Chen noted that Taiwan has already passed into law a ban on commercial poultry slaughtering outside of certified abattoirs, but the ban will not go into effect until April next year.
At the event yesterday, senior officials danced with children dressed in chicken suits to encourage people to eat more local chicken -- as long as the birds bear stickers indicating that they have been processed by a licensed abattoir, the officials said.
Lin Ching-chuang (林進忠) of the Bureau of Animal and Plant Health Inspection and Quarantine said that consumers and market vendors had nothing to lose but unsanitary conditions and the danger that comes with handling live birds.
"The Ministry of Economics has worked closely with vendors to help them make the transition. They will receive funding to purchase equipment such as refrigerated displays that will make their stalls capable of handling and holding pre-prepared poultry as opposed to live birds," he said.
The quality and affordability of fowl will not suffer, he added, saying: "We have a highly efficient supply chain in Taiwan.
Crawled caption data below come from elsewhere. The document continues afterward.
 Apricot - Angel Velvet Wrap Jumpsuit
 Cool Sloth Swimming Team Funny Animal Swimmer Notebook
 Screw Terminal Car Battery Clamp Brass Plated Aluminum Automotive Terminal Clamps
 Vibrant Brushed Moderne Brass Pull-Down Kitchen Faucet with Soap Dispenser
It will be possible for consumers to buy very fresh birds."
Meanwhile, in Taipei's Yongle market, it was business as usual for vendors yesterday.
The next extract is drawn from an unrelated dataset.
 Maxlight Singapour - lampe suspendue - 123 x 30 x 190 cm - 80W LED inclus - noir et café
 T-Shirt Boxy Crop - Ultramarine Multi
At a poultry stall, wire cages full of live chickens were stacked one on top of the other, or tucked under work surfaces. Feathers and droppings littered the area around the cages.
"The changes are inevitable and we're prepared for them," said a poultry stall worker who wished to remain anonymous.
"Chicken will probably get cheaper because the processing will be centralized and the environment at traditional markets will certainly improve," the vendor said.
"However, the taste will suffer," he added. "It doesn't matter what they say. Fresh chicken just tastes better."
Although the ban on live birds in markets will mark the end of an era, it will hopefully not mean the end of a way of life. According to the vendor, traditional markets will retain customer loyalty through the variety and expertise that they offer.
"You won't find the best food in supermarkets," he said. "We'll continue to be picky about the chicken we offer."